If you have not asked this question, or heard somebody else ask this question lately, chances are that you or somebody around you has at least thought this at some point. In what is now being called the worst natural disaster in South Dakota History, the home and business damaging deluge we received in the last part of September is just the latest in a long line of weather disasters in 2019. Besides even the tornado that caused significant damage in busy areas of Sioux Falls, this year has been one of the most difficult farming years in memory. The unusually wet conditions of the spring meant that very few farmers in the area managed to plant a full crop of corn or beans. And those who did manage to plant what they wanted are now wondering if they will be able to harvest, again, because of unusually wet conditions. On top of that is road damage, bridges washed out, and the list goes on and on. The devastating spring flood for our Nebraska neighbors seems like a distant memory, but that was this year, too. Who knows what the fall and winter weather will be?
Most years we are praying for a nice shot of rain. This year, we have so much water that we’ve never really even dried off after the spring snowmelt.
Just what is God thinking? Why is He doing this to us?

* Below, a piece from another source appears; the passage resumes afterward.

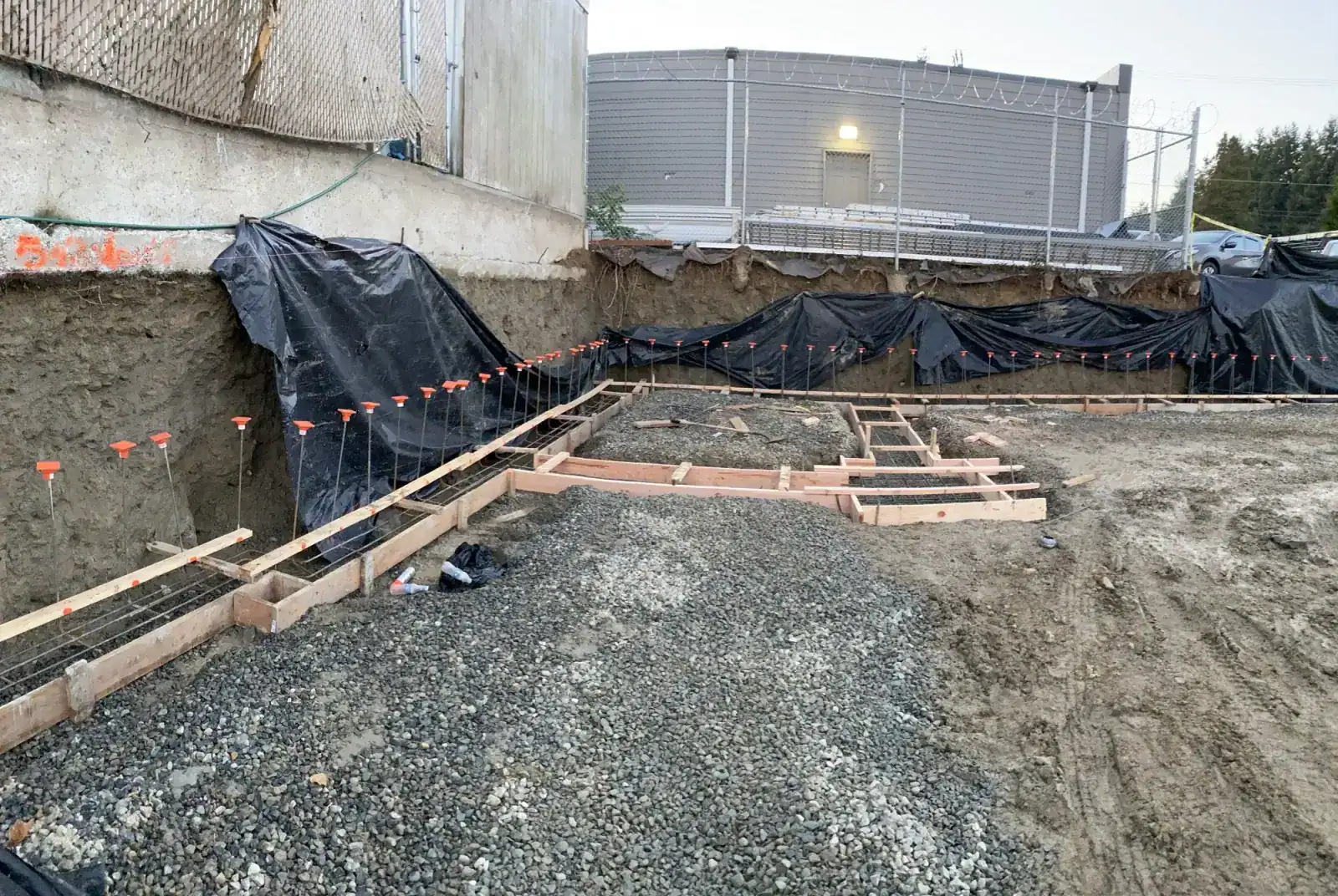 Formed footings with rebar on gravel, orange marker flags, and black plastic on the cut bank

I have an answer for you, but you won’t like it. I don’t even like it. The answer is this: I don’t know. I really don’t know because God doesn’t say. And we can’t say more about Him than He does about Himself. But I know this – God does incredible things with water. In our baptism liturgy, we pray, “Through the Baptism in the Jordan of Your beloved Son, our Lord Jesus Christ, You sanctified and instituted all waters to be a blessed flood and a lavish washing away of sin.”
All water? Yes, all water. Even the water that filled so many homes and businesses in September. Even the water that prevented the spring planting and might prevent a fall harvest. Water is a reminder of baptism, and baptism is a reminder of the flood of Noah. In that flood, water both destroyed the old creation but also saved God’s faithful. In our own flooding, we see the awesome power of water that washes out bridges and causes awful damage to homes and crops. But we are also reminded of God’s faithfulness who, even though we forget Him, allows the rain to fall and the crops to grow and the sun to shine. Were it not for Him, we would have years like this every year – and even a lot worse! For we certainly deserve nothing but present and eternal punishment. But God is merciful and just, and in His mercy He gives us what we don’t deserve – the forgiveness of sins, life and salvation.
So years like this can teach us at least one thing: We are certainly not in control of the weather, or even our own lives. When disasters pile up, and the losses mount, the proper response is to repent. Repent! Repent of wanting and trying to be your own God. Repent of thinking you are in control of everything (or anything!). Repent of not being thankful for God who gives us all good things. And when the sun comes out and the ground dries? Give thanks to God for His continued mercy and care.
Take heart. All waters point us to Baptism, and Baptism points us to Jesus, and Jesus points us to His suffering and death, and His suffering and death points us to the forgiveness of our sins. And there is no greater comfort than that.